Money isn't a car that can sit idle in a garage, it's a horse that has to eat everyday.

Le Mani Sulla Citta
Francesco Rosi 1963 Italy
Starring: Rod Steiger, Carlo Fermariello, Guido Alberti, Angelo D’Alessandro, Vincenzo Metafora


Francesco Rosi's Le Mani Sulla Citta (Hands Over The City) is a strange film for many reasons, not least that its elements don't quite seem to fit with one another. For example, there's something of the neo-realists in the style but that doesn’t really cover things. Nor is it reminiscent of that other great Italian satirist Pier Paolo Pasolini, lacking his vicious, blackly comic thrust and instead aiming for a more forensic approach. In fact for a film with so much talking there’s only one really cutting line, an aside from the main character to a publicist, “I told you, no flashes. I look like Mussolini”. Still, perhaps the strangest thing is the casting of Rod Steiger in the main role.
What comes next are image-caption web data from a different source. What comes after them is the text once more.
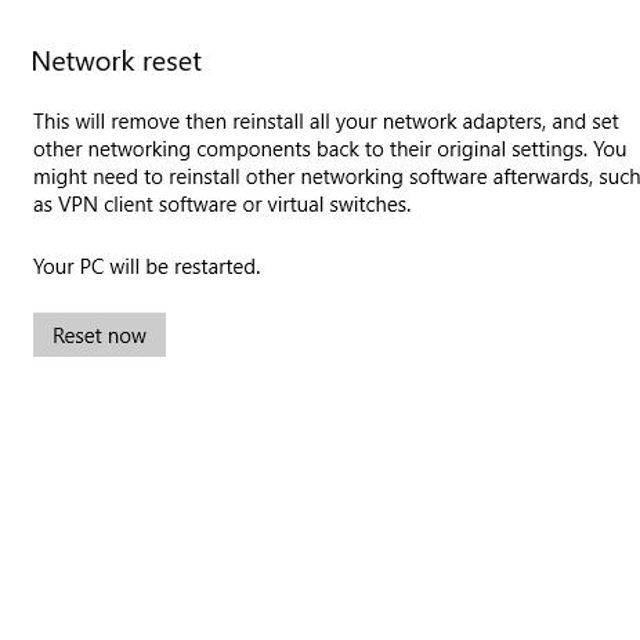 снимок экрана интерфейса сброса сети в Windows 10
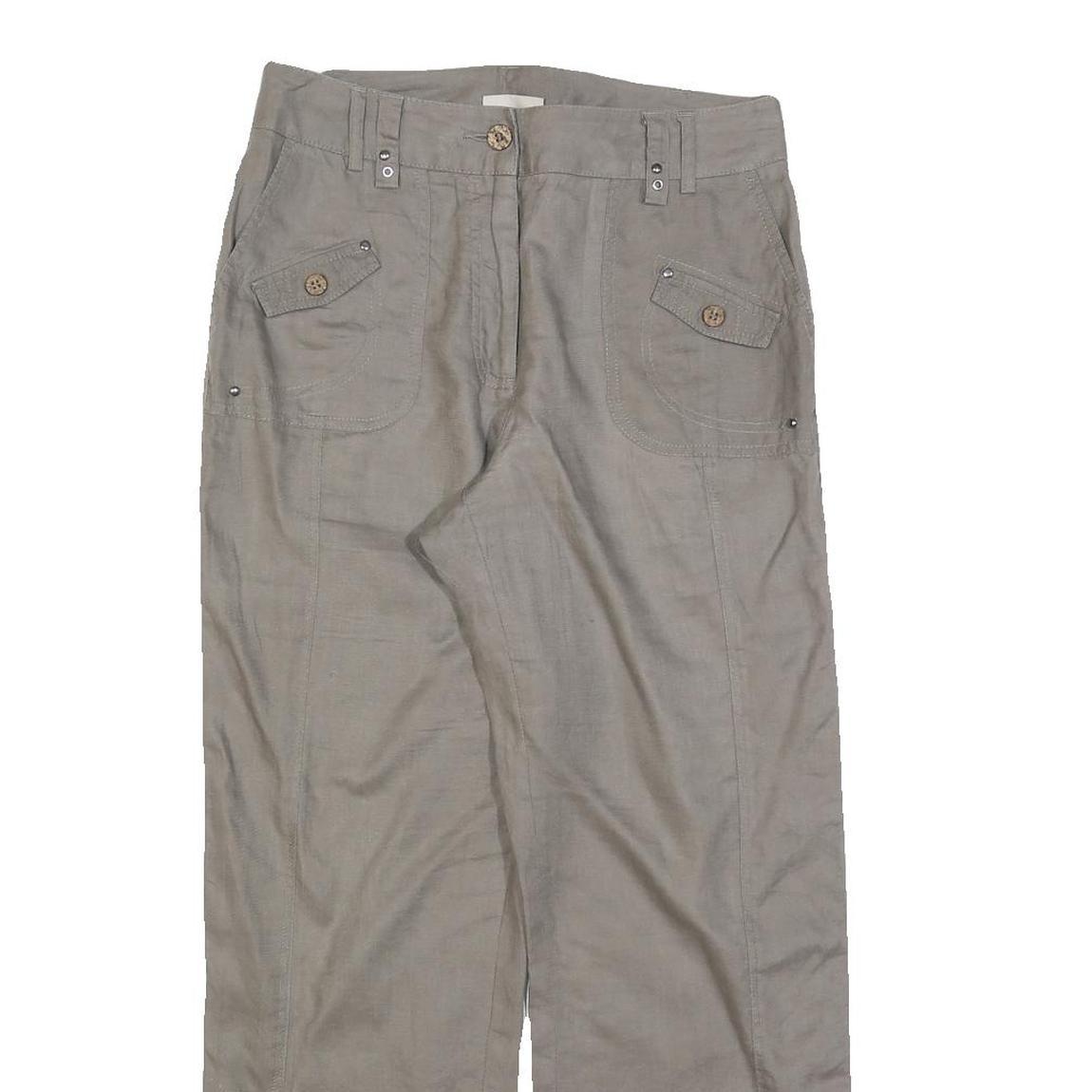 CANDA Womens Linen Beige Relaxed Straight Trousers W28 L28 Casual Comfort Summer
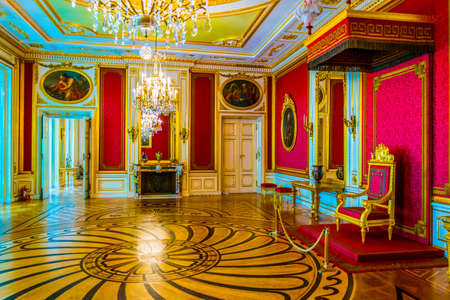 WARSAW, POLAND, AUGUST 12, 2016: view of the throne hall of the royal palace in Warsaw, Poland.のeditorial素材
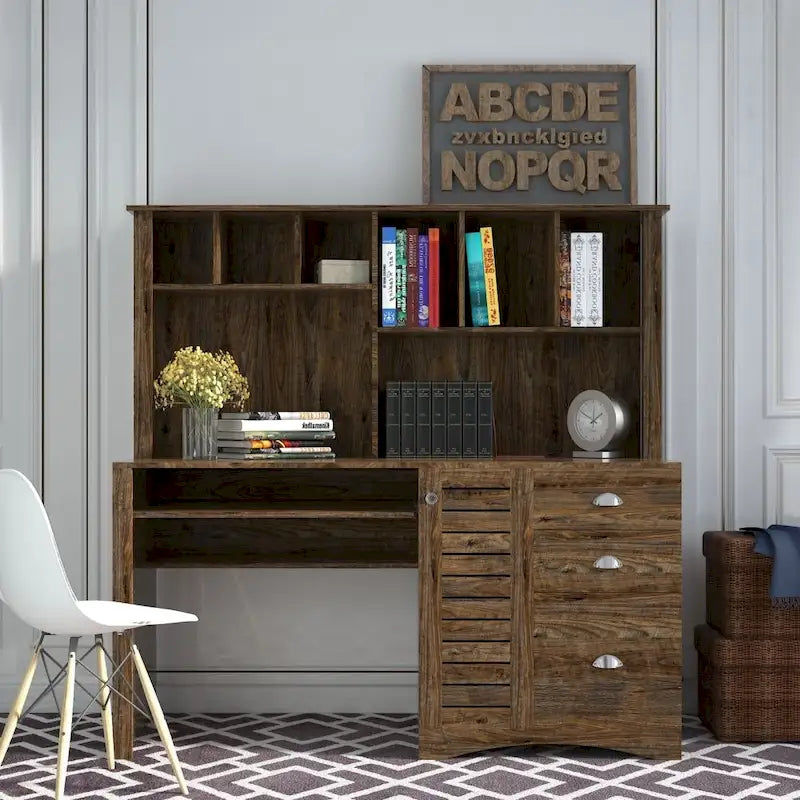 Bureau informatique marron/blanc/chêne avec huche et 3 tiroirs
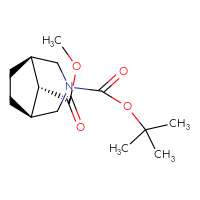 Chemical structure of 3-tert-butyl 8-methyl (1R,5S,8R)-3-azabicyclo[3.2.1]octane-3,8-dicarboxylate - CSSB02126012812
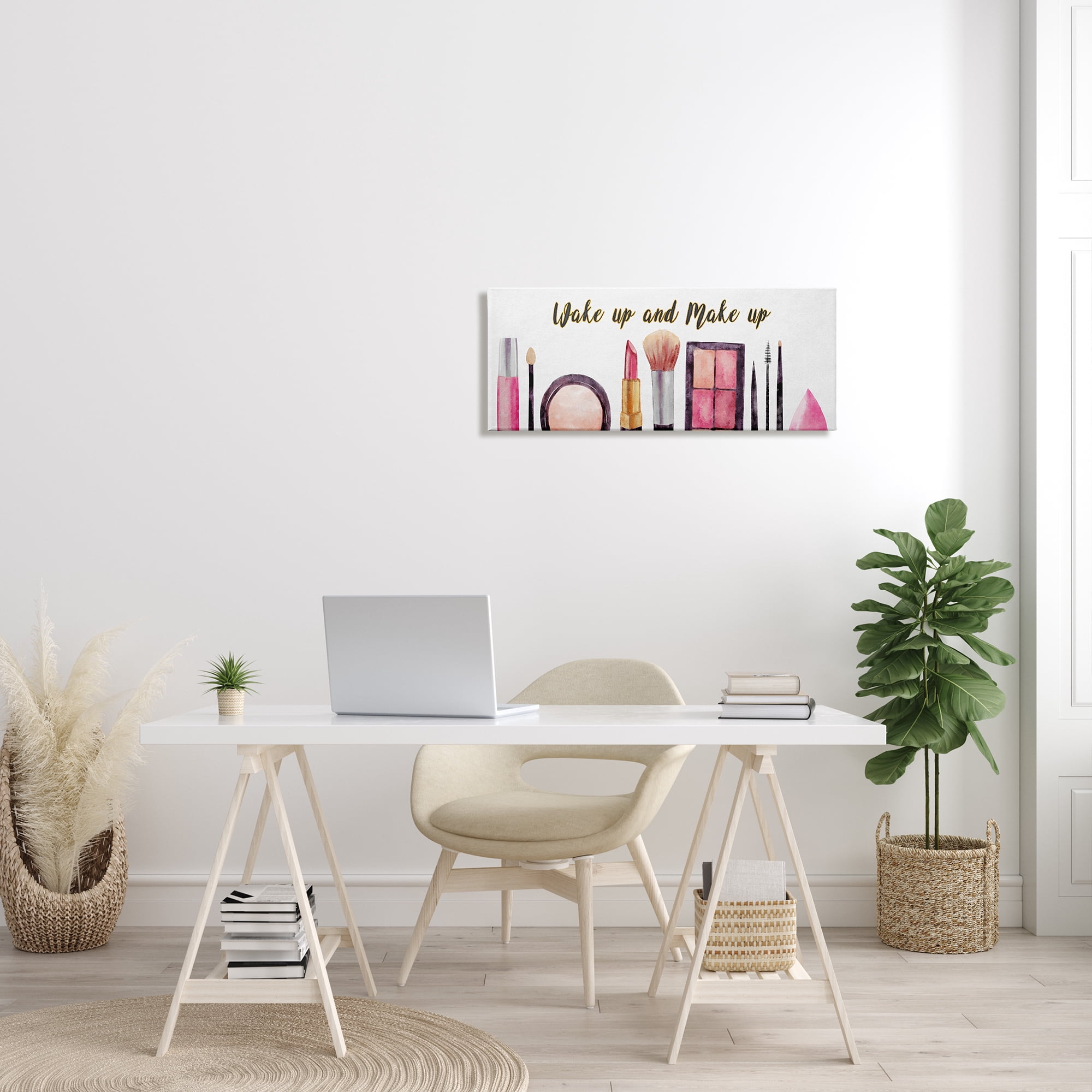 Stupell Industries Wake Up Make Up Watercolor Pink Gray Fashion Word Design Canvas Wall Art by Ziwei Li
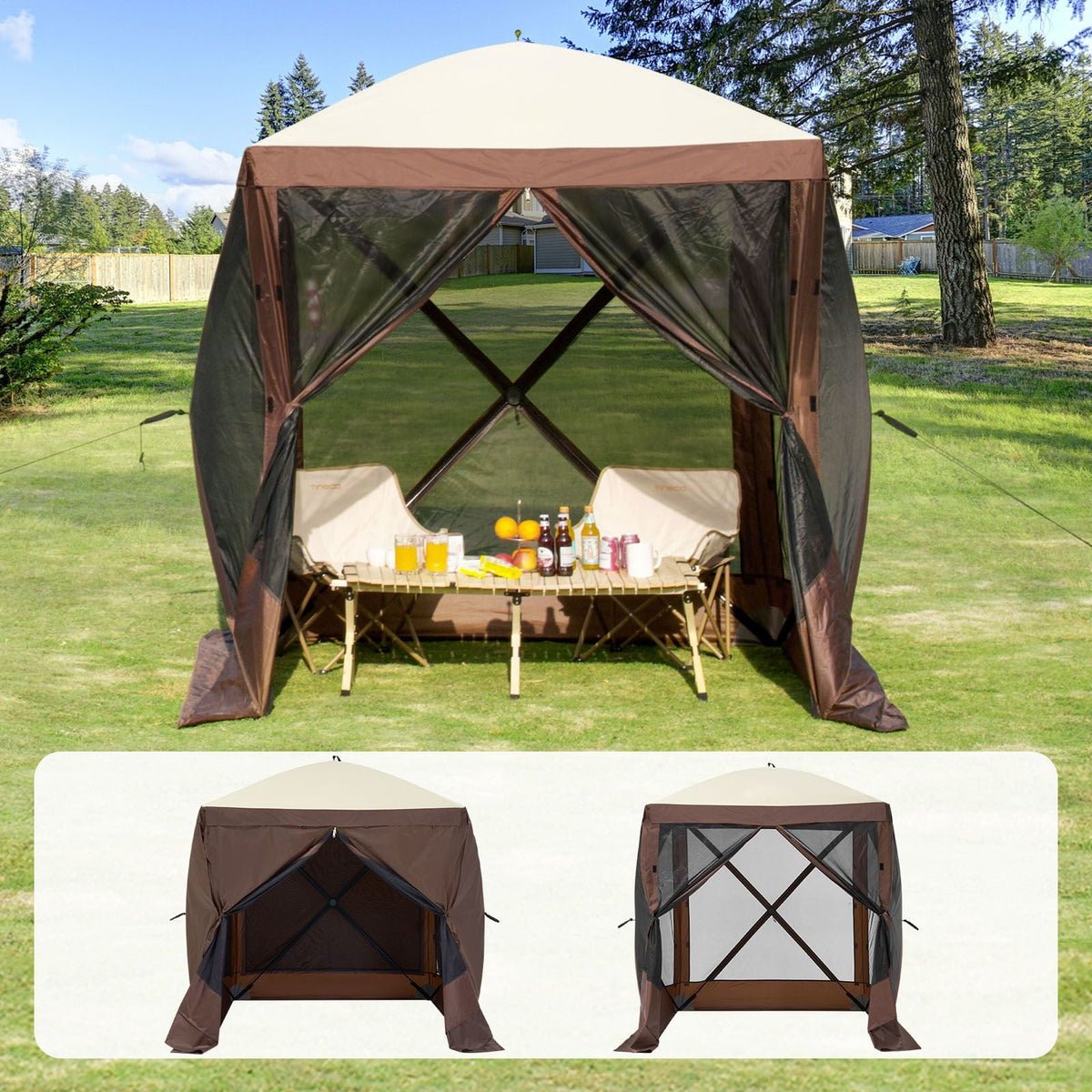 Pop Up Gazebo Tent, Pop-Up Screen Tent 4 Sided Canopy Sun Shelter with 4 Removable Privacy Wind Cloths & Mesh Windows, 6x6FT Quick Set Screen Tent with Mosquito Netting, Brown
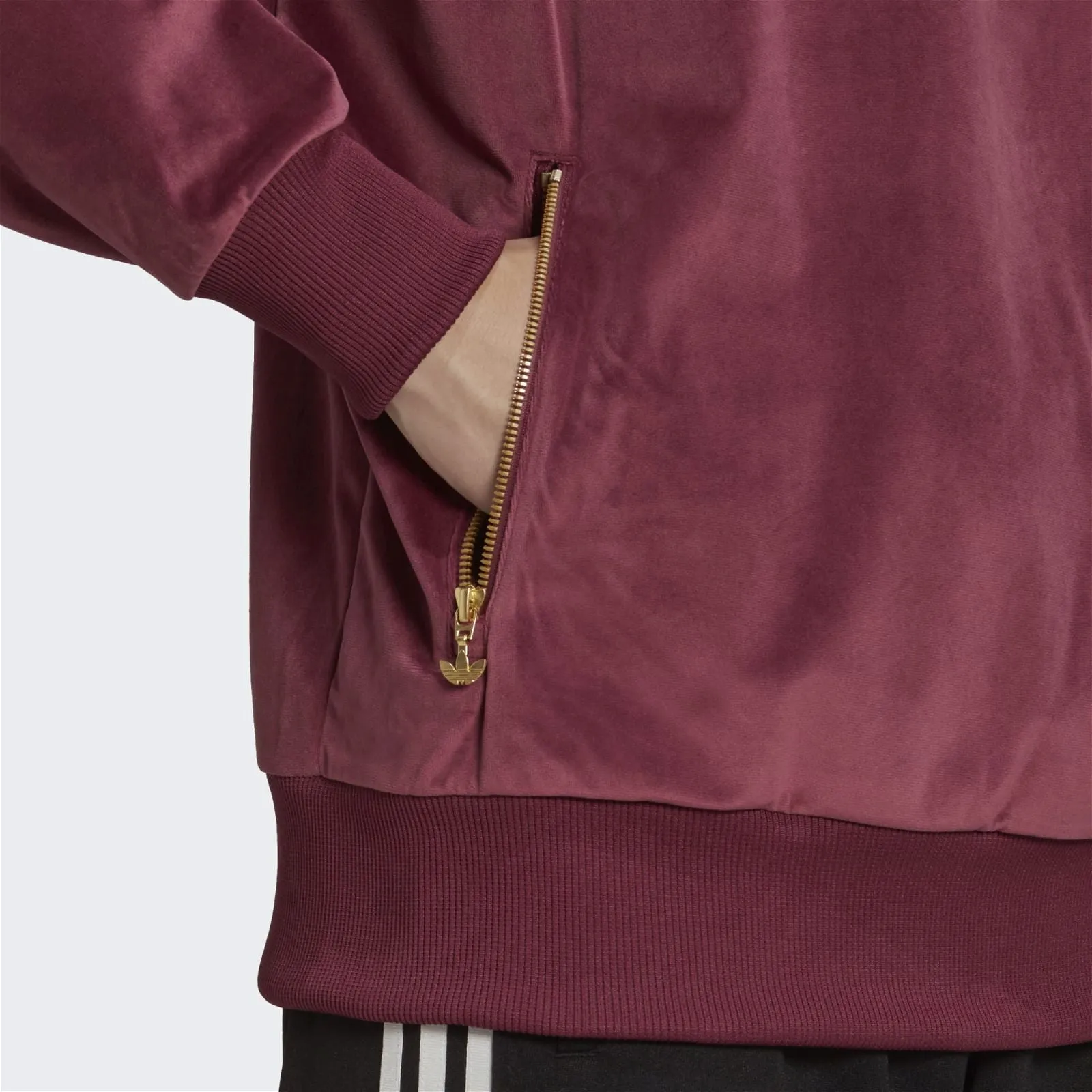 adidas Originals Adicolor Velour Hoodie - Burgundy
Of course other mainstream actors of the time did work in Europe, Burt Lancaster comes to mind as does Dirk Bogarde whose excellent work with Visconti and Fassbender amongst others may have been the best of his career, but Steiger was never a matinee idol searching for something more and was always better known for his acting rather than his star quality. Here, he's an exceptional presence, his property developer come commissioner Edoardo Nottola restless like something's bothering him, striding like he's running away yet utterly unscrupulous in his pursuit of political power, a power that's treated with cynicism throughout with almost everybody unquestionably corrupt - only Carlo Fermariello's firebrand leftist De Vita seems to have any morals and he never has any real power. When one civil servant is asked to predict the likely outcome of the central investigation he replies that he has worked in local government for forty years but has never seen anyone lose their job. This city is divided with left, right and centre representing more than mere geography and the principal paradox of Nottola's 'progress' and the unadvancing bureaucracy behind it. The result of this ‘progress’ is the film’s main topic, the collapse of a building, shown in a magnificently spectacular scene that renders today’s yen for extensive CGI just plain unnecessary. Rosi doesn’t really seem to be as well-known as many of his peers and many of his films are still pretty much unavailable in this country but I can’t understand why, 51 years on and Le Mani Sulla Citta feels as fresh and striking as I assume it did in 1963.